Architecture fundamentals: in-process vs server vs distributed
The single most important axis for choosing between ChromaDB, FAISS, and Milvus is architecture — specifically whether you want your vector index to live inside your application process, inside a separate server process on the same machine, or distributed across multiple machines. Each model has trade-offs that flow through everything else: operational complexity, fault tolerance, horizontal scalability, and the kinds of bugs you will debug at 2am.
**ChromaDB embedded mode** runs the entire vector index inside your Python or JavaScript process. There is no network hop, no server to spin up, no connection string to manage. You call `client = chromadb.Client()` and you are done. The persistent mode writes to SQLite on disk. This is genuinely zero-infrastructure vector storage — appropriate for any project where the vector index needs to be 'just a library' rather than 'a service I operate'. The ceiling is roughly 10M vectors before embedded performance becomes a bottleneck, as of June 2026.
**ChromaDB client-server mode** (and Chroma Cloud) moves the index into a separate process reachable over HTTP. This gives you the standard client-server benefits (multiple application instances can share one index, the index persists independently of your app process) at the cost of a network hop and an infrastructure component to manage. Chroma Cloud is the managed version — you connect via API key, they handle the infrastructure.
**FAISS is always in-process**, with no server mode at all. The entire library runs inside your process, period. This is a deliberate design choice — FAISS is a research-grade similarity search library, not a database service. You manage persistence yourself (calling `faiss.write_index()` / `faiss.read_index()`), you manage concurrency yourself, and you build any metadata filtering, multi-tenancy, or access control on top yourself. The payoff is that FAISS has the lowest latency of any option on this list — no network, no server, no overhead beyond the math.
**Milvus is a distributed system** with real microservice components: query nodes, data nodes, index nodes, etcd for cluster coordination, and MinIO or S3 for persistent storage.
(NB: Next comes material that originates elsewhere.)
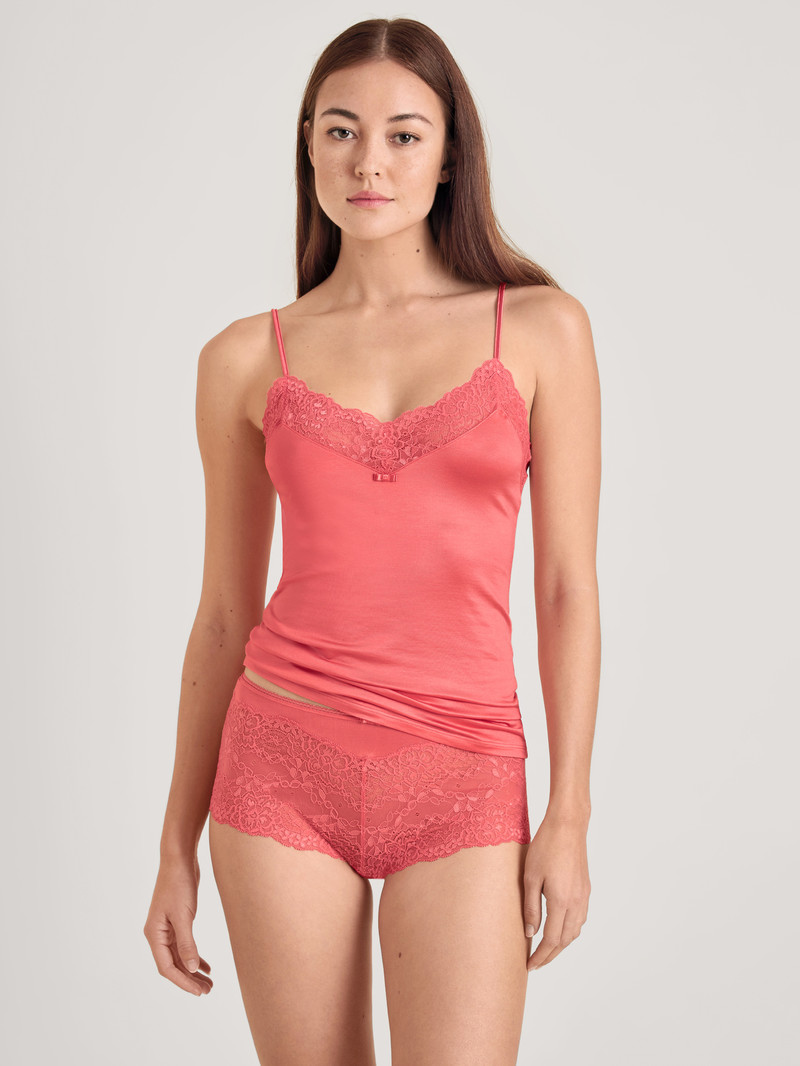 Porcelain Rose Calida Sensual Secrets Spaghetti Top Women Underwear | OEPFJ-4673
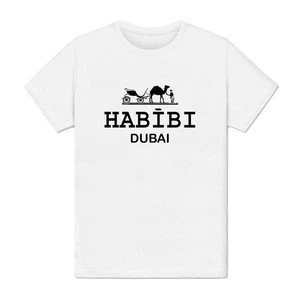 Dubai Wholesale Rock Men Clothes 100% Organic Cotton White t-shirt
The minimum production Milvus deployment involves several containers. This is not a choice for a prototype; it is a choice for a production system where you need horizontal scaling, fault tolerance, and enterprise features. **Milvus Lite** is the escape hatch for development — an embedded mode with the same API surface as full Milvus, similar to how ChromaDB embedded works, but you can promote to full Milvus without rewriting any application code.
**The architectural decision tree in one sentence**: start with ChromaDB embedded, promote to Chroma Cloud or Milvus when you hit the 10M-vector ceiling or need multi-tenancy/RBAC, and consider FAISS only if you need maximum single-machine throughput and are willing to build the surrounding service layer yourself.